Los debates que están generando los conflictos entre movimientos y gobiernos progresistas, de modo muy particular en Ecuador y Bolivia, ameritan algunas reflexiones que apunten a clarificar lo que está en juego, porque de algún modo esas tensiones involucran a todas las fuerzas antisistémicas. Lo que sucede estos días en ambos países es consecuencia de que allí coinciden movimientos que han mostrado potente energía anticapitalista con gobiernos que, por lo menos en las intenciones, buscan superar el estado de cosas heredado.
En la región sudamericana pueden detectarse dos grandes líneas de fuerza: las relaciones interestatales y las tensiones emancipatorias. Una y otra divergen y confluyen según las diversas coyunturas, los espacios y puntos de mira. Pero más allá de que ambas dinámicas tengan aspectos contradictorios, no puede abordarse la realidad regional sin incluir ambas, a riesgo de sesgar excesivamente el análisis.
Desde el punto de vista de los estados, y de las relaciones entre ellos, parece evidente que los cambios acaecidos en la última década son relevantes. Una parte importante de los países de la región cuenta con gobiernos que tomaron distancias del Consenso de Washington y de las políticas del imperio. En este punto deben incluirse dos matizaciones. La gama de grises es muy amplia, y va desde el gobierno de Cuba, enfrentado a Estados Unidos, hasta gobiernos que formulan críticas muy tenues al imperialismo, como los cuatro del Cono Sur que conforman el Mercosur.
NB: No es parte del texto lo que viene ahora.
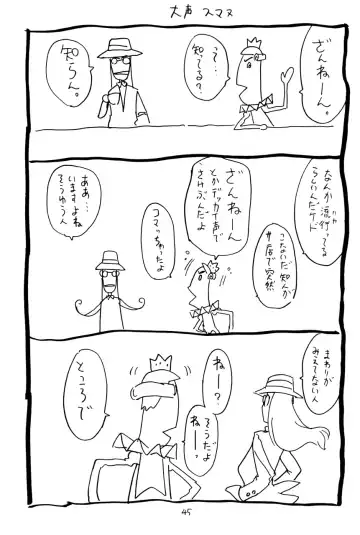 [Gorgeous Takarada] Soratobu Imouto 5 Fhentai - Page 44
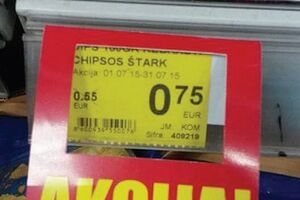 Obmanjujuće reklame će zabranjivati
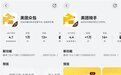 首次大规模采用国产编程语言仓颉主体开发,美团众包适配鸿蒙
En el medio, hay situaciones como la de Venezuela, que viene manteniendo un enérgico contencioso con los sucesivos inquilinos de la Casa Blanca, pero tiene a la vez una fuerte dependencia comercial con ese país. En la situación actual, aun la más pequeña distancia hacia Estados Unidos juega un papel positivo, y así debe ser valorada.
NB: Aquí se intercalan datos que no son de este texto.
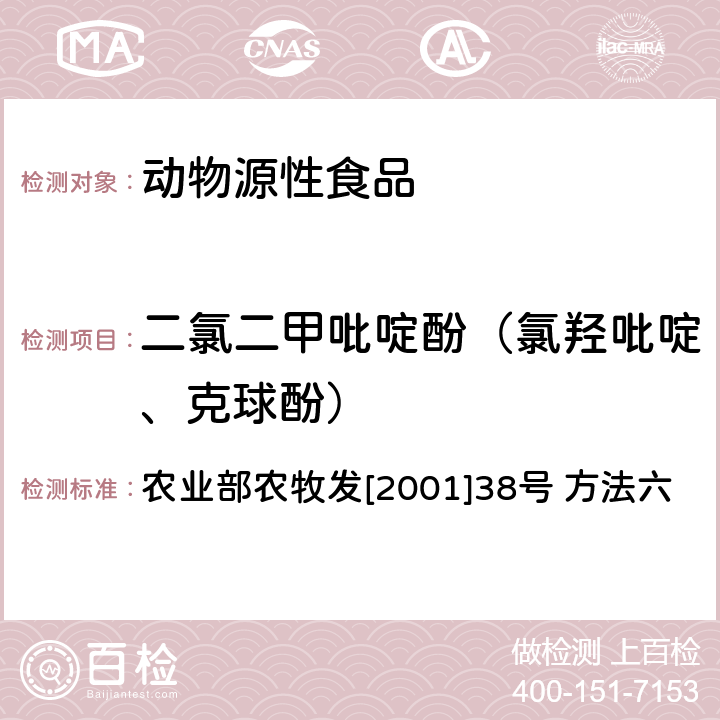 二氯二甲吡啶酚（氯羟吡啶、克球酚） 动物源食品中氯羟吡啶残留检测方法—高效液相色谱法残留检测方法 农业部农牧发[2001]38号 方法六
En segundo lugar, hay dos grandes vertientes: los países que integran la ALBA y los demás gobiernos progresistas de la región. Aquéllos, más allá de las señaladas contradicciones, pugnan por desbordar el libre comercio, estructuralmente favorable a las multinacionales y los países del norte. En este punto también vale una salvedad: hay quienes desean ir más allá y otros que ni siquiera se lo proponen, aunque luego los resultados puedan ser similares. Una vez más, no es lo mismo Bolivia o Venezuela, forzados muchos veces a aceptar la lógica de las multinacionales, que otros que juegan directamente a favor de ellas.
En tercer lugar, hay gobiernos que, independientemente de la retórica, de la que nadie está libre, sólo se diferencian del imperio en que defienden a sus empresas, o sea a las burguesías locales, frente a la voracidad de otras multinacionales afines a los países del norte. Pero en modo alguno tienen una lógica diferente a la del capitalismo más depredador. Tal es el caso de Brasil, de Chile cuando gobernaba la Concertación y de Argentina. O sea, sus diferencias con Washington no pasan por los intereses populares sino por los del sector más concentrado del empresariado nacional.
Si tomamos el punto de vista de la emancipación, o de los movimientos antisistémicos, las cosas son más complejas aún. En un extremo, todos los gobiernos esgrimen una actitud de defensa y fortalecimiento del Estado que no puede menos que chocar con los movimientos que, naturalmente, buscan desbordar los marcos del Estado-nación. Sin embargo, los niveles de represión han descendido de modo notable allí donde hay gobiernos progresistas o de izquierda. Es una diferencia no menor, imposible e inconveniente de soslayar, respecto de países como Colombia y Perú, donde mandan las derechas represivas.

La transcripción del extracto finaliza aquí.